そして、地図を見ると、特に新市街っぽい辺りは、道も単純に見えるのですが、そうでもないんです。

この町って、東西に走る道が、キモで、結構幅広の大通りが並んでいるんですが、それぞれの道の間は、小路で、結構斜めっていたりごちゃごちゃしてて、意外と迷うんです。
そんな感じで訪ねたのですが、いや、びっくりしました。一大観光地状態を呈していたんです。

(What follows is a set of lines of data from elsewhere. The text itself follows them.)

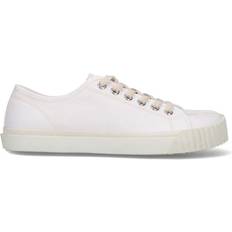 Tabi sneakers Maison Margiela Tabi Low Top en Coton Blanc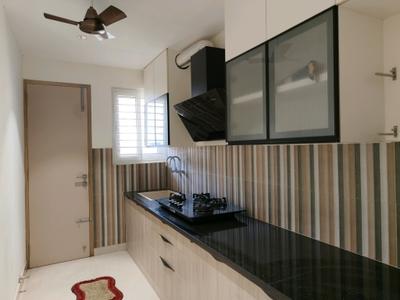 Kitchen Image of 1757 Sq.ft 4 BHK Villa for sale in Kolathur Chennai for Rs. 21300000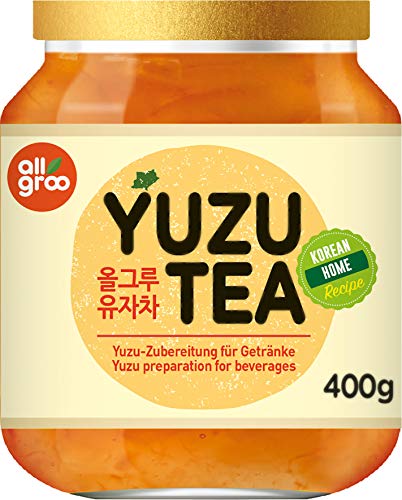 Allgroo (Almho) Té De Yuzu 400 g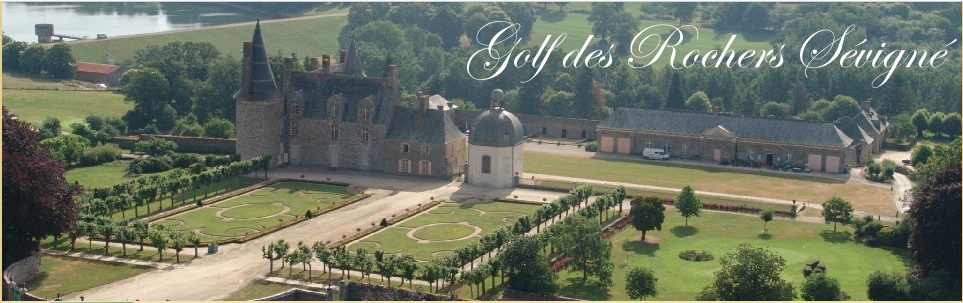 Golf des Rochers Sévigné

アギオス・ディミトリオス聖堂Agios Dimitrios/Basilica of St Demetriusです。
上の写真では、そうも見えないと思いますが、実際は教会周辺、内部もすごい数の人がうろうろしてたんです。これまで訪ねた場所が、基本無人状態だったので、衝撃的にびっくりでした。その上、見た感じ、明らかに新しいし、何がこれほど人々を引き付けるのか、わけわからないですよね。
なぜ新しいのか、という歴史を簡単に読んでみると、以下となっています。
「元々ローマ時代の浴場があった場所で、伝説によれば、ローマの役人だったデメトリアスが逮捕されて、迫害時代に牢につながれ、そこで殺され殉教した場所。彼の遺骸は、キリスト教信者によって秘密裏に保管され、その後313年に、浴場跡の一部に、小さな礼拝堂が建てられた。5世紀になって、同じ場所に大きなバジリカが建てられ、そこに聖人の墓が移された。それは、中央身廊のチボリオの場所。オリジナルの銀のチボリオは、後代に大理石のものに代替され、石棺、聖人のレリックが納められた。
5世紀のバジリカは、620年の地震で焼失し、その際、当時のテッサロニキ司教とLeoによって、同じ場所に再建された。」
「テッサロニキが最後にトルコ人によって落とされた1430年、教会は、1493までキリスト教徒の所有だった。時のサルタンは、それを認めたが、多くの装飾品を持ち去った。
その後モスクに転用されたが、1912年キリスト教の教会に戻された。1917年の大火の際、完全に損壊し、その際にクリプタが発見された。再建は1926に始まり、1948年に終了。」
ざっと、こういう歴史。結構損壊と再建を繰り返していて、結果、外観はかなり新しいものとなっているようです。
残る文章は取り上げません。